## EXERCISE
Transcribe exactly the lines below that begin at the line with "Ljust vattenmelon gult" and stop after the line with "What is a Summer Job Worth? PDF", leaving out every picture.

## DATASET RECORDS
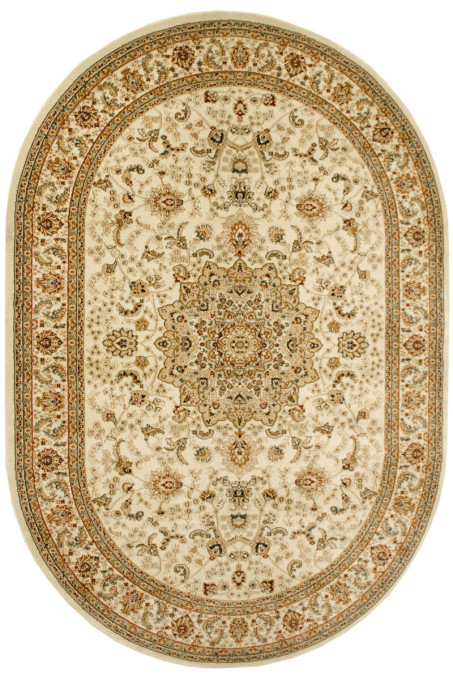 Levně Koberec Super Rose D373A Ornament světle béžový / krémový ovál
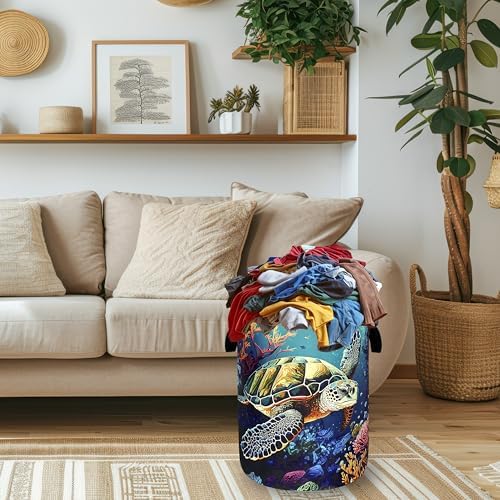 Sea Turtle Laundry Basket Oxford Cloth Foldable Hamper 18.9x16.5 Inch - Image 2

...

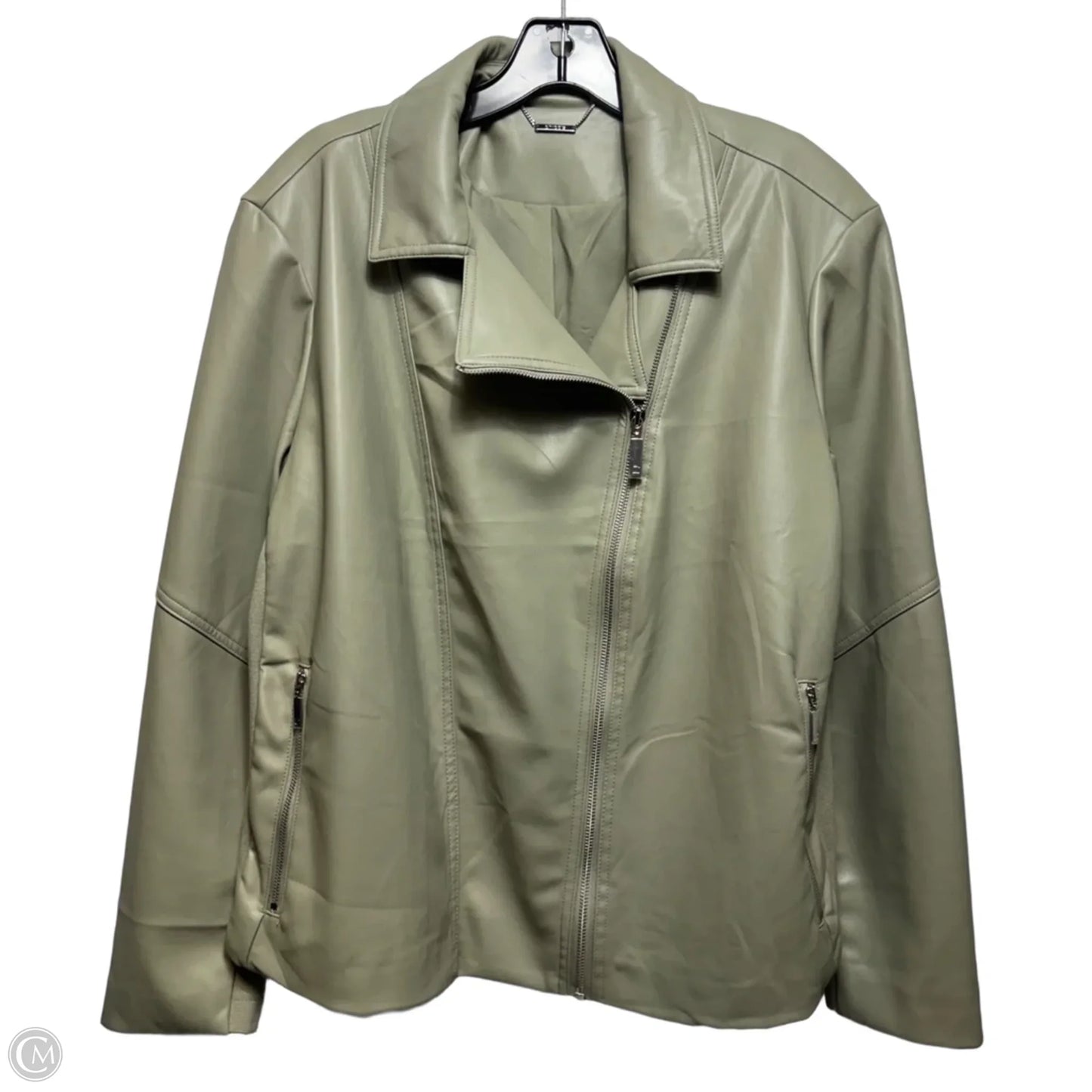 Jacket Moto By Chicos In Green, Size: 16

...

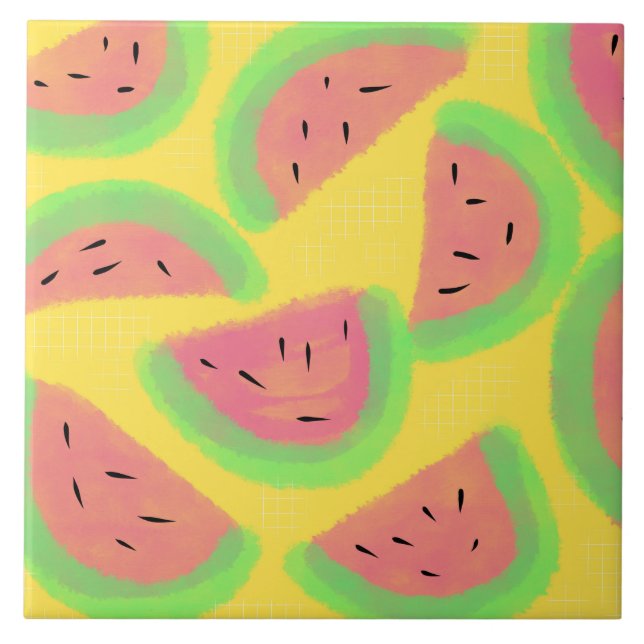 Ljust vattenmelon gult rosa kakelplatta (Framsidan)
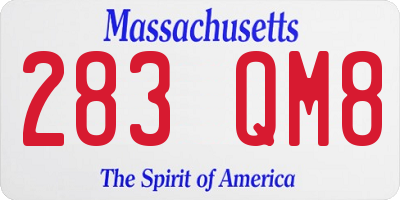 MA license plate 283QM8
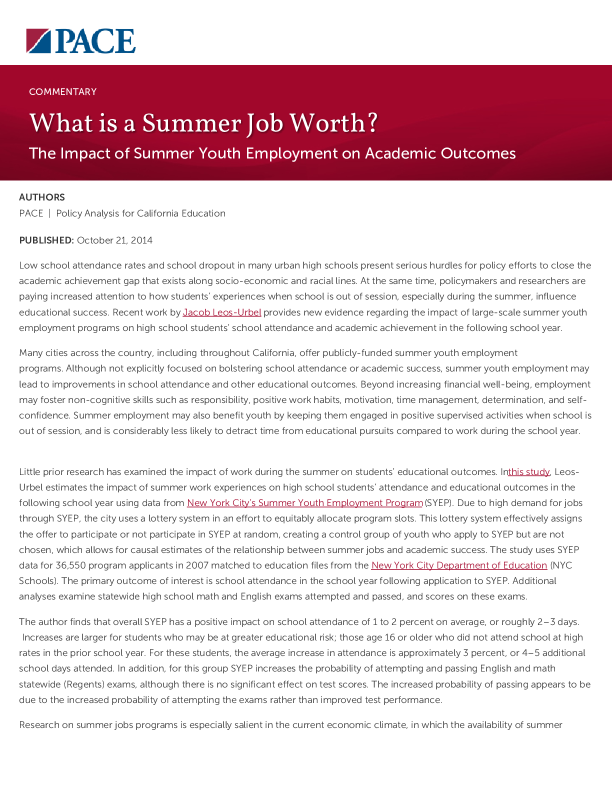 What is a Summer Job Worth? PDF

## YOUR RESPONSE
 Ljust vattenmelon gult rosa kakelplatta (Framsidan)
 MA license plate 283QM8
 What is a Summer Job Worth? PDF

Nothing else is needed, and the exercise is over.